I strongly disagree with the discussions over the last few weeks about breastfeeding mothers who attend high school. The statements that have been made reveal that the writers of these letters are uninformed in many ways. There are several factors which, when understood, may incite more compassion in these individuals.
First, you should know that around 60% of pregnant teens became pregnant as a result of sexual assault and abuse. They do not deserve to be characterized as irresponsible or promiscuous. Many of them are victims. Victims, by the way, who have chosen to not abort their babies but instead to raise them despite great obstacles. I personally admire this courageous decision. And since some of the previous commenters have spoken out against abortion in the past, I would think that they would also commend such a decision.
Second, these teen moms are doing the absolute best they can. They know that they will have to be supporting their children as a single mother, and that in order to give their babies a better life that the parent needs at least a high school diploma.

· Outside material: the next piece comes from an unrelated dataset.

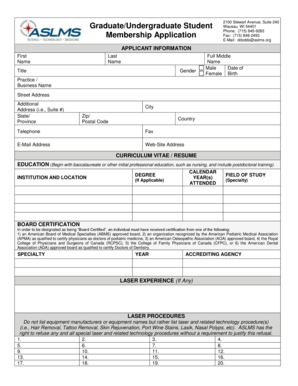 ASLMS Membership Application Form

Lastly, they also know that breastmilk is vital not only for the present health of their baby, but also for their long-term health and well-being. They choose to again take the more difficult road of pumping breastmilk for their baby to be fed by a caregiver. This takes considerably more work than the alternative. Mothers have to take the time and work to pump their milk, store it properly, maintain a supply both in their freezer and in their bodies, as well as keep themselves healthy and sober. Being a pumping mother is not for the faint-hearted.

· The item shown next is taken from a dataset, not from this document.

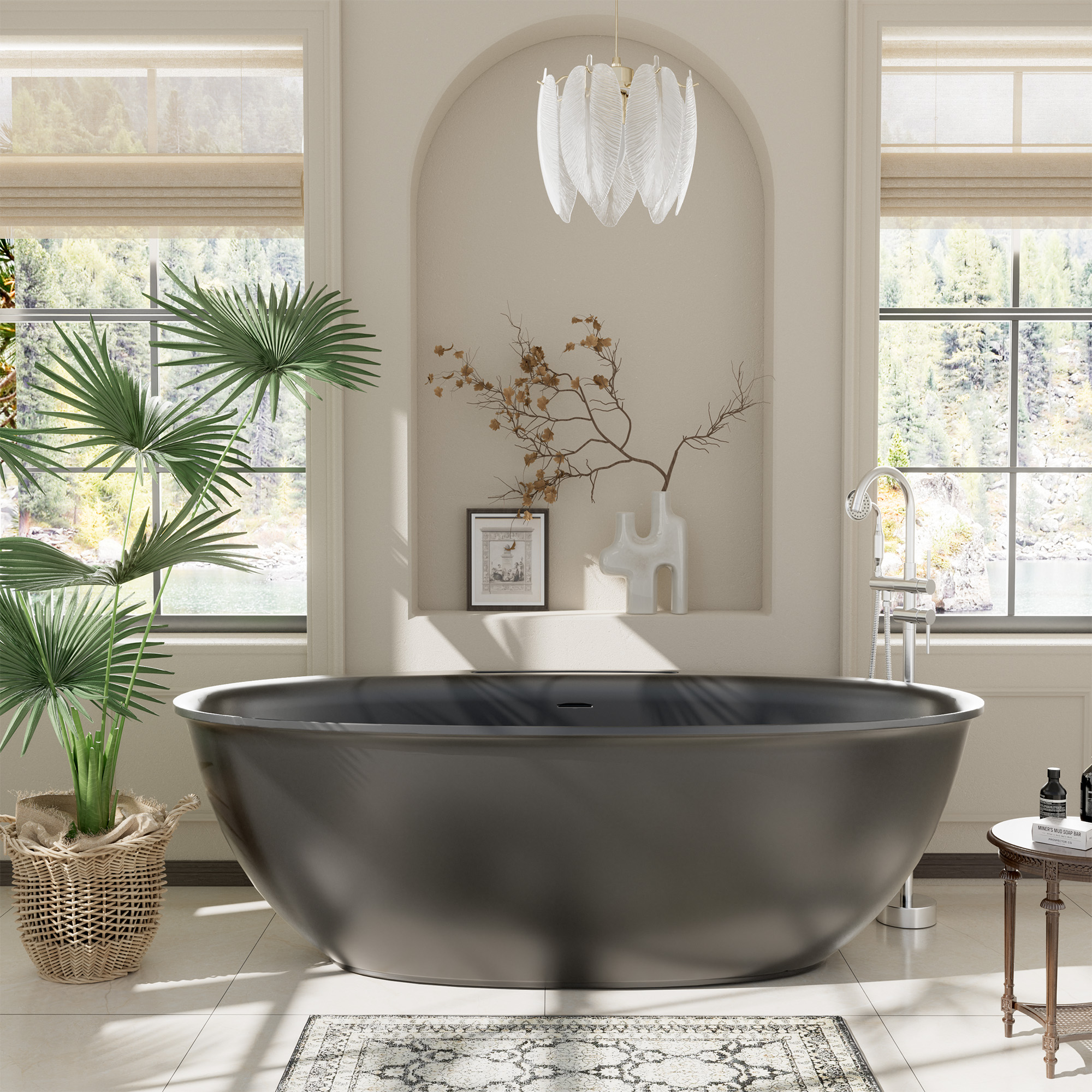 63" Free Standing Tub Stone Resin Freestanding Bathtub Matte White Solid Surface Soaking Tub with Drain, Drain Hose & Sanding Paper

I should also add that if a mother does not express her milk as often as her baby eats, she can become engorged and is at risk for infection. So if she is not given time out of class to pump, she can literally become sick. She may miss up to a week or more of school if this happens.
We have laws protecting such situations in the workplace, and they same should be followed in schools. Pumping mothers are going above-and-beyond, juggling an immense amount of responsibilities that are difficult for even adults to handle. If we want to build a society of healthy and responsible people, we need to support breastfeeding mothers. If we want to reduce abortions and reduce the spread of disease, reduce the amount of childhood obesity and other related illnesses, we need to show our support for those who have the power to directly influence such issues.
To all the teen mothers out there, thank you for breastfeeding! Nurse on!